On Easter Sunday, students at universities across Kenya held services and collected offerings to be distributed among those affected by the attack.
The Chairman of the Christian Union at Garissa University College, a survivor of the attack, will speak at the memorial service at the Christ is the Answer Church (CITAM) in Valley Road this afternoon.
Ogalo, while withholding the young man’s name, said that he is “coping well”.
“Yesterday two staff went and spoke with him. He is fine at the moment. Two of his roommates were killed and his other roommate was shot, but not fatally. But he is coping well. He is staying in Nairobi with his sister. We’re trying to be careful, so that we don’t overwhelm him – or go too fast with his healing process.”
#147NotJustANumber
Photographs of some of the students have been posted online and publicised on Twitter with the hashtag #147NotJustANumber, a reference to the original death toll. Graphic photographs of the bloodied and burned bodies of students have also appeared.
In the wake of the attacks, Kenya’s President, Uhuru Kenyatta, declared three days of national mourning and promised to respond to the attack in the “severest way possible”.

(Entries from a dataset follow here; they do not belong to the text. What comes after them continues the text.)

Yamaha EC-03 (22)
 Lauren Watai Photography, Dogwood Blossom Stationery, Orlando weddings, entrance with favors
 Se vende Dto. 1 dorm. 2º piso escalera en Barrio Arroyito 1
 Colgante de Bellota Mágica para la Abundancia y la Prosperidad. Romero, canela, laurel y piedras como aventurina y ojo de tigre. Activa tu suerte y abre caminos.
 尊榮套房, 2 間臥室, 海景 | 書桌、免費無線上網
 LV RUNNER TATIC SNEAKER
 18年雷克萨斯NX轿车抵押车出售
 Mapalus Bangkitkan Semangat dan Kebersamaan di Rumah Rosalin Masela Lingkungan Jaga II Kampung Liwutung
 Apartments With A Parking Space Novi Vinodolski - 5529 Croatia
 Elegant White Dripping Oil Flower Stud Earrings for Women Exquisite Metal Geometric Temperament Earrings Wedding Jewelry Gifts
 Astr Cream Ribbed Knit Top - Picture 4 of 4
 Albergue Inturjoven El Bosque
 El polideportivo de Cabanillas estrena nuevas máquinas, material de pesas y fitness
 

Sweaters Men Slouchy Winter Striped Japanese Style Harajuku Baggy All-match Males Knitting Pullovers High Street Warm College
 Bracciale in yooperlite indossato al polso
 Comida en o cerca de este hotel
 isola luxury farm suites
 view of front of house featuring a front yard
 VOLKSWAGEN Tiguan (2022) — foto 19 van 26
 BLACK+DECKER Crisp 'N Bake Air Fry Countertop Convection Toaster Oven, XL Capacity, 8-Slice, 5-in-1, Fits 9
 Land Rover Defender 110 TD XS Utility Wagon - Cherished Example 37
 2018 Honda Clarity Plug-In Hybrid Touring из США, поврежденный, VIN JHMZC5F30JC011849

On 6 April Kenyan fighter jets bombed Al-Shabaab bases in neighbouring Somalia, where the organisation is based.
After claiming responsibility for the Garissa attack as revenge for the presence of Kenyan forces in Somalia, Al-Shabaab promised further bloodshed, saying that “Kenyan cities will run red with blood”.
The Garissa attack needs to be seen in a wider context, said Gideon Para-Mallam, Regional Secretary of the International Fellowship of Evangelical Students for English and Portuguese Speaking Africa (IFES-EPSA).
Speaking to World Watch Monitor, he added: “This barbaric and gruesome attack on innocent students should be interpreted in the light of global jihad, with Al-Shabaab in East Africa, Boko Haram in Nigeria and Al Qaeda in the Maghreb (AQIM) and their allies in Mali.
“When I listened to the testimonies of students in Kenya, it reminded me of Boko Haram’s massacre in Mubi College [in north-east Nigeria] in 2012. As in Kenya, the militants selected Christian students and slaughtered them in Mubi. Even Christian teachers were not spared.
“Terrorism is a real threat for the whole of Sub-Saharan Africa. Both Christians and Muslims who do not believe in this kind of ideology of hate and destruction must unite and say no to terrorism.”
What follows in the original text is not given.